This article was written by Alex Steffen in January 2007. We're republishing it here as part of our month-long editorial retrospective.
Five years ago, Mark Horner had just finished giving a talk on wave phenomena at a South African science fair when a group of young scholars from a poor rural high school came up to him, asking him to proof the notes they'd taken by hand in a notebook. Mark was stunned by the comprehensive diligence reflected in the notes, and asked why the students were so attentive. They explained that they had no science texts in their school and that this notebook would be the textbook for the rest of their schoolmates. In an era of nearly free information and collaborative content creation, such a knowledge gap seemed obscene, Mark told me, and he resolved to do something about it.
The result? Free High School Science Texts, a project the South African physicist founded that "aims to provide free science and mathematics textbooks for Grades 10 to 12 science learners in South Africa." The textbooks offered are free knowledge, in the sense of both openly sharable and affordable:
The twist is that the UCT students and their helpers would expect and receive no royalties of any kind from the sale of the books. The only cost schools would have to cover, in effect, would be printing.
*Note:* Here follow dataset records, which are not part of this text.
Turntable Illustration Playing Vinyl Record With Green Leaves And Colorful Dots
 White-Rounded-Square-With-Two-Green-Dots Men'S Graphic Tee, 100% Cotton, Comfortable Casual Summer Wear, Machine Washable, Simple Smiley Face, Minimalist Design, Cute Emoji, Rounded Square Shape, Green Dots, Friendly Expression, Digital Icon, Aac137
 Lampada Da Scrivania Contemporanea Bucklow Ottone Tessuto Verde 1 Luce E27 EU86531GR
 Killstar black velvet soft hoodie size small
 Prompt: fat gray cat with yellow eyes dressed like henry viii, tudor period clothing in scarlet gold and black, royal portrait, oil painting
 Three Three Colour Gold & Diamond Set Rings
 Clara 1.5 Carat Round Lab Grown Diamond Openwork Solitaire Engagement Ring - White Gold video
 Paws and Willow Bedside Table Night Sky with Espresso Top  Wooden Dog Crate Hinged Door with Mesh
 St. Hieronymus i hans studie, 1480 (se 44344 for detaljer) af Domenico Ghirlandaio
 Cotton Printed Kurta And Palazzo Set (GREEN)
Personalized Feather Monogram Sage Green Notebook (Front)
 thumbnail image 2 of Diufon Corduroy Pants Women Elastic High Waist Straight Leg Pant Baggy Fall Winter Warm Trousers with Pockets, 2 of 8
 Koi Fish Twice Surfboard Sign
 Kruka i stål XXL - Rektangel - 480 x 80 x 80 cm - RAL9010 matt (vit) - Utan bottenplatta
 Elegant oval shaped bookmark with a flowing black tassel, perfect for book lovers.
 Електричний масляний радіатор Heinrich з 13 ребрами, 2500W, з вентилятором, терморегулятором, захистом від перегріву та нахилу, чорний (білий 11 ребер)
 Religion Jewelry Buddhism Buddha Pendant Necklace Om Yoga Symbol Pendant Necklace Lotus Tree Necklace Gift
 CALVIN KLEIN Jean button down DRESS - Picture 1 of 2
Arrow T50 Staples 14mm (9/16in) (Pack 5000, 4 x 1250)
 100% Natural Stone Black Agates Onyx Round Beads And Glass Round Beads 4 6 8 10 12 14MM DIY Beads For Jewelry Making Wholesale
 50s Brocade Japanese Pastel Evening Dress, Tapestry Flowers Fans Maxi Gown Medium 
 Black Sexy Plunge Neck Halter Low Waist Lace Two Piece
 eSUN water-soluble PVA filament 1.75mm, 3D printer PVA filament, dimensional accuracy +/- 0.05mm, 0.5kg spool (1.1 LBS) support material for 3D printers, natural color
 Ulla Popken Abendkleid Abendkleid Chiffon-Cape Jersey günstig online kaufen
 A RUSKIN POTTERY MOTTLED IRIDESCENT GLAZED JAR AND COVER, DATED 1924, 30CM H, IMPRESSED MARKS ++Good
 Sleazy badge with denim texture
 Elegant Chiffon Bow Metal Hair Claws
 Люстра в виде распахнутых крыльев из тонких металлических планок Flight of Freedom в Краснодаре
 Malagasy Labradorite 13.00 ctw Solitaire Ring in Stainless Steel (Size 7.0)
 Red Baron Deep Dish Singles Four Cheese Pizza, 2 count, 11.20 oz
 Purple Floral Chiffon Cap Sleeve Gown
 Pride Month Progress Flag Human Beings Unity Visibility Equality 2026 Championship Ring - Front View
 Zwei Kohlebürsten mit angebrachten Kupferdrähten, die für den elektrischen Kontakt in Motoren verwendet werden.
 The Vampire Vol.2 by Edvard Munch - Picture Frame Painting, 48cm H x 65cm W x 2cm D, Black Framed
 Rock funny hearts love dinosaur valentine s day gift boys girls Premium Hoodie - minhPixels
The students hope to hurdle, in part, even that obstacle by raising funds to print an initial stack of books. (The project has already made ground in that direction, and will be showcased to potential investors at an innovation bazaar to be hosted by the Shuttleworth Foundation, founded by UCT graduate Mark Shuttleworth.)
In other words, FHSST is actually working: kids will actually be getting sharply-edited textbooks, created with the involvement of some of the best minds around, at prices their schools can afford.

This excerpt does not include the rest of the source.